Car si les mesures prises dans le cadre de la crise sanitaire sont fondées sur une mise en balance entre, d’une part, le coût lié à la maladie elle-même, et d’autre part, le coût lié aux mesures restrictives, il est relativement facile de chiffrer le premier et impossible de chiffrer le deuxième. On sait avec un certain niveau d’exactitude combien de personnes décèdent ou souffrent du Covid-19, mais personne n’est capable de donner des chiffres susceptibles de s’approcher un minimum de la réalité lorsqu’il s’agit des dégâts causés par la perte d’espoir, de confiance, d’opportunités futures…

C’est donc un parti pris que de dire que les mesures actuelles sont nécessaires et qu’il n’y a pas d’alternative. En fait, qu’il s’agisse de crise écologique, économique ou sanitaire, autre avenir est possible. Un qui assurera à la jeunesse un futur moins sombre.

Nos générations devront bien sûr balayer devant leur porte si elles souhaitent construire un avenir sûr et durable pour les décennies à venir. La participation politique des jeunes est extrêmement basse. Ce faisant, elles laissent partout des décisions se prendre qui vont totalement à l’encontre de leurs intérêts. Il sera difficile de se faire entendre. "De quoi ils se plaignent", "Nous, a l’époque, on avait pas les smartphones", "Ils veulent juste faire la fête", "Ils n’ont pas connu la guerre", etc. Autant de moyens de balayer d’un revers de la main les demandes pourtant légitimes que les voix des jeunes soient entendues et que les décisions politiques prennent en compte les dommages énormes causés à une jeunesse qui hérite déjà d’un fardeau lourd à porter.

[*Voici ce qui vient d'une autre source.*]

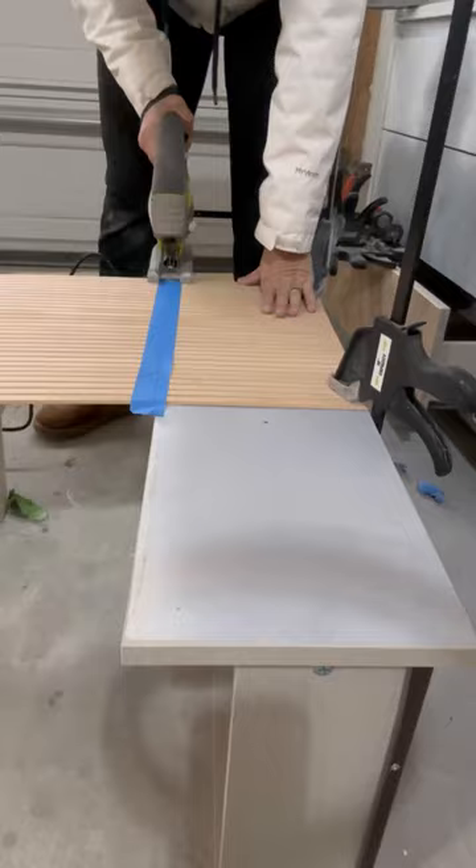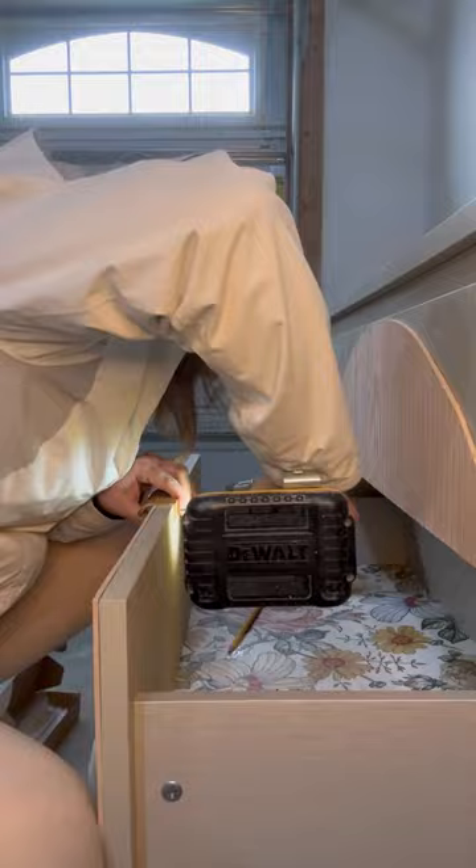I grabbed some pole wrap, cut it to size, and glued it on each of the drawers. I added some modern hardware, and here it is now.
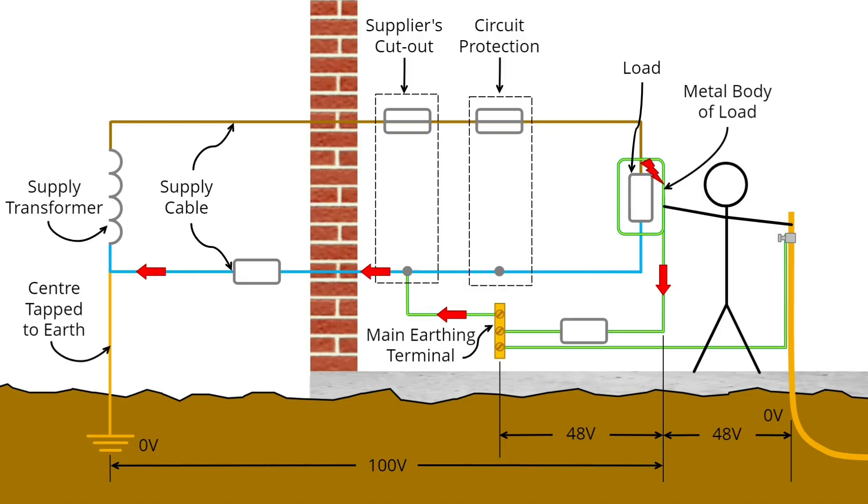Now for the crucial part. If we make the incoming pipe plastic, it no longer has a connection to the literal earth. Therefore it no longer has an earth potential at zero volts. Therefore, when the fault occurs, there's no voltage difference between the earth metalwork and the pipe — the pipe has no potential. Think of it this way: the pipe is now the equivalent of the metal frame of a bed. It has no connection to the literal earth, no earth potential, and no need to be bonded. You wouldn't bond that metal bed frame, so why would you bond the pipe?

Par ailleurs, nous avons été depuis notre plus tendre enfance été éduqués pour devenir des (sur-)consommateurs. On ne peut construire un avenir durable si l’on ne prend pas de la distance avec certaines futilités matérielles. Instagram ou pas, il faudra renoncer à acheter un nouveau téléphone chaque année. Il faudra renoncer à aller prendre des selfies au Machu Picchu, à New York ou à Bali chaque année. Il faudra renoncer à aller au ski chaque année, etc. Il faudra constamment accepter de revoir ses habitudes. En dépit des apparences, la consommation ne nous profite pas mais à une poignée d’ultra-riches.

Voici donc mon cri du cœur à tous ceux qui ont mon âge ou sont plus jeunes : battez-vous et ne perdez pas espoir. Continuez de croire en un avenir durable, sûr et heureux. Cet avenir est possible malgré tout ce qui peut vous faire penser le contraire. Mais il n’est possible que si vous luttez pour le construire. Faites-vous entendre et n’écoutez pas ceux qui vous disent qu’il n’y a pas d’alternative.